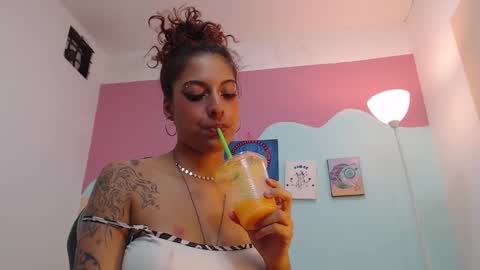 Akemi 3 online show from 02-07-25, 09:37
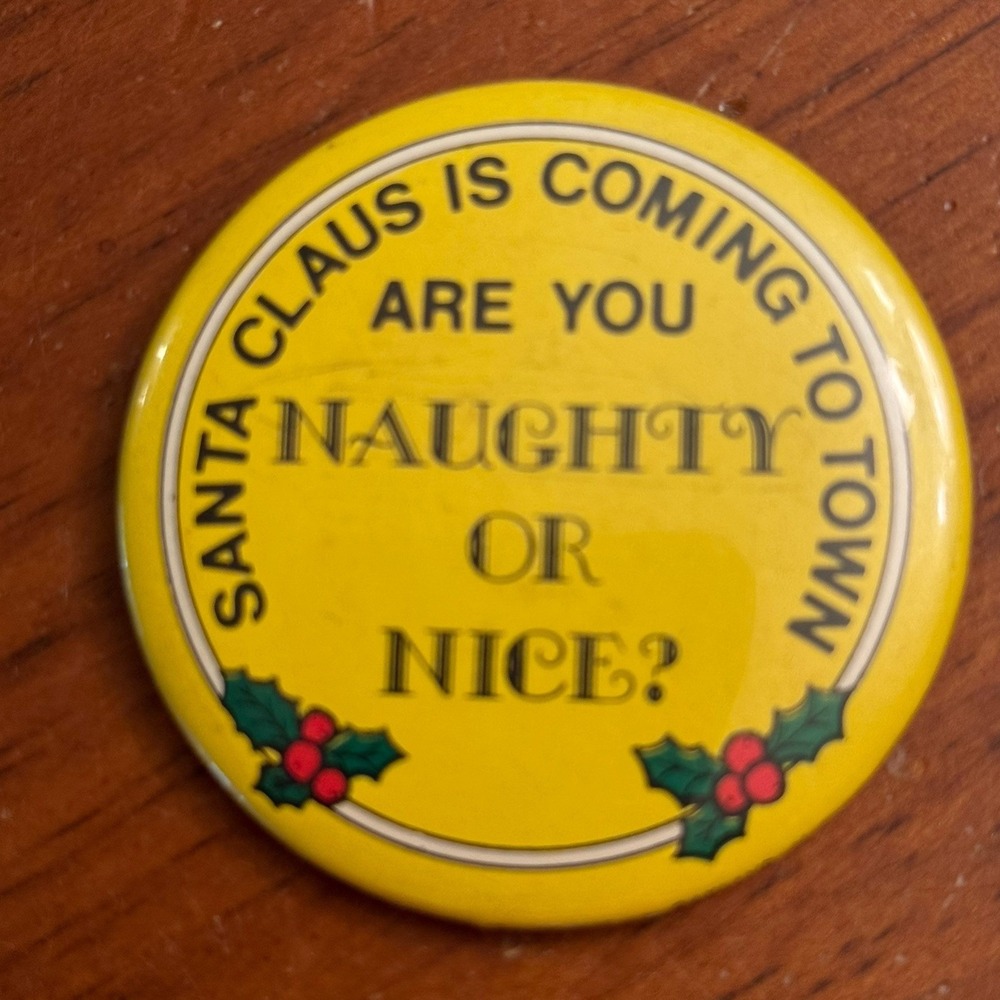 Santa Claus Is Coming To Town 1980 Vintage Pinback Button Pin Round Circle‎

■ ■ ■ ■ ■ ■ ■

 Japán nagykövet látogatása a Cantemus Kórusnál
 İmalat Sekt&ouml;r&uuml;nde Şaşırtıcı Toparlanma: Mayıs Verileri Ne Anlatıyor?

■ ■ ■ ■ ■ ■ ■

In the listing above, find the line holding "Akemi 3 online show from 02-07-25, 09:37" and the line holding "Santa Claus Is". Reproduce those two lines and all between them exactly, leaving out pictures.

RESPONSE TO THE TASK:
 Akemi 3 online show from 02-07-25, 09:37
 Santa Claus Is Coming To Town 1980 Vintage Pinback Button Pin Round Circle‎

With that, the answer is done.